As Calvin University leadership continues to chart a course toward Vision 2030, Calvin Tomorrow is coming alongside as a key guide. It will define a specific process for developing a plan, and will then create a strategic, coherent, multi-year financial plan that moves Calvin toward its vision.
Paving a path
The university will pair (a) expense reductions that are more than the sum of their parts and have longer implementation timelines with (b) strategic investments that meaningfully boost revenues and promote excellence. Calvin will not just take steps but envision whole pathways between the university’s current point and its desired destination: Vision 2030.
Enhancing the planning process
In the past three years, Calvin has made major strides—reducing costs, restructuring debt, exceeding fundraising goals, investing in the Global Campus, securing resources for first steps in the university structure masterplan, and strengthening the institution’s work with undergraduate enrollment. But, considerable work remains. On the one hand, Calvin Tomorrow is the result of the institution’s continuous improvement in this area, but on the other hand, it is not only what Calvin has done before. It will focus on what leadership has learned, add new analytical tools, enhance the planning process, and extend a hopeful pathway into the future.

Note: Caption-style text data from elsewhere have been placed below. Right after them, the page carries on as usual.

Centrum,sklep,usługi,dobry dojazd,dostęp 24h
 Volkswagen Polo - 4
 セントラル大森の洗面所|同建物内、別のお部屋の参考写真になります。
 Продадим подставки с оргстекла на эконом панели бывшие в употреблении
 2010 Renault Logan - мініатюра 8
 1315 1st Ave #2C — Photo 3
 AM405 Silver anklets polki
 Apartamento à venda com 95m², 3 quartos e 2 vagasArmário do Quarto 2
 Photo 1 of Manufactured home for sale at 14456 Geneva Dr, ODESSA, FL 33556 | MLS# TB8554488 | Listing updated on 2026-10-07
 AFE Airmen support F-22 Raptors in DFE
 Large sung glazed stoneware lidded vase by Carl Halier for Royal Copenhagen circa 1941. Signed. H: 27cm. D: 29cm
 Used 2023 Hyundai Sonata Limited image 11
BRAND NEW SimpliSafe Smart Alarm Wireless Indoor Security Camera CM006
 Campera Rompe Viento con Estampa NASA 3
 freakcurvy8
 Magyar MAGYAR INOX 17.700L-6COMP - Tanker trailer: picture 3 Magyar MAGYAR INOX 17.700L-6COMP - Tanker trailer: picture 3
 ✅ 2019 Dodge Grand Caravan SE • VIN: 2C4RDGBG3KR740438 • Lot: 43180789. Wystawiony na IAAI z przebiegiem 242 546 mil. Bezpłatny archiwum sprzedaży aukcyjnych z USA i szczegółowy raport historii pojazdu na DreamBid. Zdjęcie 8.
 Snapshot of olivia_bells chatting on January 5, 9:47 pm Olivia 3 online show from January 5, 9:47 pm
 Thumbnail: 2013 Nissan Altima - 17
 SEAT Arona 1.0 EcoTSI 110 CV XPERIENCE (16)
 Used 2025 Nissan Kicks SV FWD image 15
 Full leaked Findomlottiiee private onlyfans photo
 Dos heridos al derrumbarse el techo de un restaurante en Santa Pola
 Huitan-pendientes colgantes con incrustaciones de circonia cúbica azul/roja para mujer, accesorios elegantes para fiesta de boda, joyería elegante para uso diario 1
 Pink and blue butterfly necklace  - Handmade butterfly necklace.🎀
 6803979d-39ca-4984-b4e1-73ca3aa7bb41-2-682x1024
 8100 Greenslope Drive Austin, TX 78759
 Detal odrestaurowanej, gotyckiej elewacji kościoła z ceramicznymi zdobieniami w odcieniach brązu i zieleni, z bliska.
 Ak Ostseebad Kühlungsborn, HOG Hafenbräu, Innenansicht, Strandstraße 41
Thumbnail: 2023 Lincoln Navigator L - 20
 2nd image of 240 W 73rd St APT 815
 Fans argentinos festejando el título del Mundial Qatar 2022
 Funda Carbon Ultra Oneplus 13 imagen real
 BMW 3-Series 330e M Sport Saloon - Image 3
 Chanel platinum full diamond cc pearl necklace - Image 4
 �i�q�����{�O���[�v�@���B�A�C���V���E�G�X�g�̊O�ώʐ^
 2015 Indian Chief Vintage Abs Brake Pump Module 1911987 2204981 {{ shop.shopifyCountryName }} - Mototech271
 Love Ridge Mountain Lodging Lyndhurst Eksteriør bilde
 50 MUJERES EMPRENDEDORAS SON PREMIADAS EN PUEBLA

The university begins this work from a position of long-term financial health. In the coming months, faculty, staff, and administration leaders will undertake a number of projects that will, together, support development of a sustainable plan for university operations within projected budgetary means, strengthen select areas through reallocation, and identify additional strategic investments that will position the university for greater long-term success.
Key planning groups, such as a university-wide strategic budget review team and, in the academic division, a reimagined academic portfolio planning task force, will be supported by new analytical tools and by policies, processes, and practices that help the university (1) reduce costs, (2) ensure that future expenses do not grow faster than revenues, (3) bridge through the next two years of fewer resources, and, most importantly, (4) build toward the future. All faculty and staff will have opportunities to engage in this process along the way. Recommendations from this process will be made to the Planning and Priorities Committee, a committee chaired by the president that includes administrators, faculty, staff, students, and trustees.
This process will give Calvin an outlook that allows the institution to develop a compelling plan for the next three, five, and ten years.